La vera rivoluzione fiscale? Sarebbe spostare il carico dal lavoro al consumo

Da un confronto tra il sistema fiscale del nostro paese e quello francese emerge che entrambi portano all’indebolimento dell’economia. La produzione e l’occupazione sono le prime vittime di un fisco che si concentra sul lavoro.

La vera rivoluzione fiscale? Spostare il carico dal lavoro al consumo

I sistemi tributari francese e italiano possono sembrare molto diversi. Ma uno sguardo più attento rivela che i loro difetti si riflettono a vicenda. Entrambi tassano molto poco il consumo e si concentrano sulle attività produttive, attraverso canali diversi: i redditi da lavoro dipendente in Italia (l’Irpef), i salari lordi in Francia (la tassazione delle imprese). In ambedue i casi ne deriva una progressiva deformazione dell’apparato produttivo, con un indebolimento dei settori che utilizzano maggiormente il lavoro dipendente. Le conseguenze sono le stesse: bassa crescita ed entrate fiscali la cui base continua a ridursi.

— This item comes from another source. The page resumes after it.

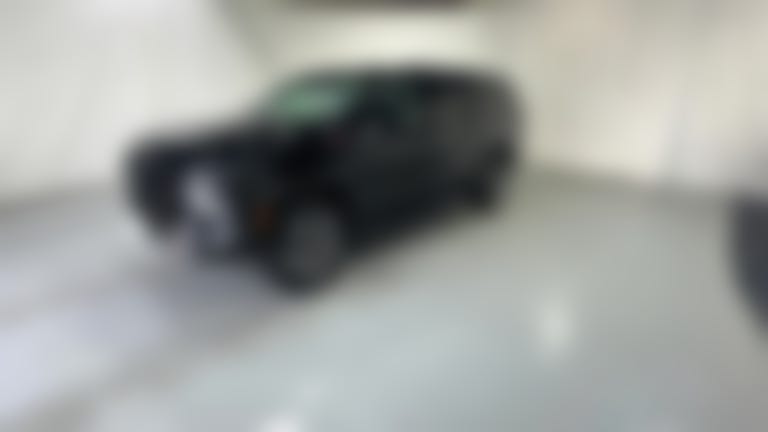 2025 Chevrolet Suburban vehicle photo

I due modelli di fiscalità mostrano sorprendenti convergenze. Innanzitutto si concentrano su una parte significativa delle attività produttive, il lavoro dipendente. Nel complesso, il sistema fiscale e previdenziale francese è caratterizzato da una forte pressione sulle imprese, ma anche e soprattutto da un eccesso del prelievo sulla massa salariale, a causa dei tributi basati sui salari lordi. Mentre l’Italia non tassa le sue aziende come la Francia, ma tassa pesantemente i redditi dei dipendenti e assimilati (ovvero l’84% della base imponibile). Lo fa soprattutto attraverso l’Irpef.

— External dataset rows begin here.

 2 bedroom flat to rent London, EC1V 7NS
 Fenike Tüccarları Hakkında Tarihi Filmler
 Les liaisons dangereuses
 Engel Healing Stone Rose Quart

Da parte francese, c’è quindi una sovra-tassazione della massa salariale che pesa sulle imprese. Sul fronte italiano, c’è un’eccessiva tassazione del reddito dei dipendenti. In entrambi i casi è il lavoro dipendente svolto nel contesto di un’impresa, e non il lavoro autonomo, a essere preso specificamente di mira dal sistema tributario. Ma non è tutto.

L’Italia è solo al 25° posto in Europa per la tassazione dei consumi. È un altro punto comune, poiché anche la Francia tassa poco i suoi consumatori. L’aliquota Iva standard in Francia è del 20%, ma la presenza di molte aliquote ridotte ne riduce fortemente il gettito. L’aliquota media effettiva dell’Iva è molto più bassa in Francia – come in Italia – rispetto a Germania o Danimarca. Così emerge in entrambi i paesi lo stesso equilibrio, con un carico fiscale che pesa poco sul consumo e molto sul lavoro salariato.

Le scelte fiscali implicano evidentemente delle conseguenze. In entrambi i paesi portano a varie forme di evasione fiscale, che contribuiscono a distorcere il sistema produttivo e a indebolire il suo nucleo, il tessuto industriale. In sostanza, le politiche sulla tassazione di Francia e Italia stanno portando a un parallelo indebolimento dell’economia. La produzione e l’occupazione industriale sembrano essere le prime vittime di un sistema fiscale che si concentra sul lavoro salariato. Il lavoro nero italiano e le delocalizzazioni francesi raccontano due storie differenti ma che hanno quindi una comune causa.

Cosa fare? La via da seguire ci viene indicata dai nostri vicini europei, alcuni dei quali hanno vissuto gli stessi problemi decenni fa. Già negli anni ‘80, alcuni paesi del Nord Europa, come la Danimarca, hanno sviluppato strategie basate sul riequilibrio del sistema fiscale, spostandolo dal lavoro al consumo. I risultati parlano da soli: tutti questi paesi sono ora più ricchi di noi (in termini di Pil pro-capite), hanno conti in equilibrio (sia per quanto riguarda il bilancio pubblico che la bilancia dei pagamenti) e soprattutto al loro interno registrano un maggior consenso sul sistema tributario. Cosa aspettiamo?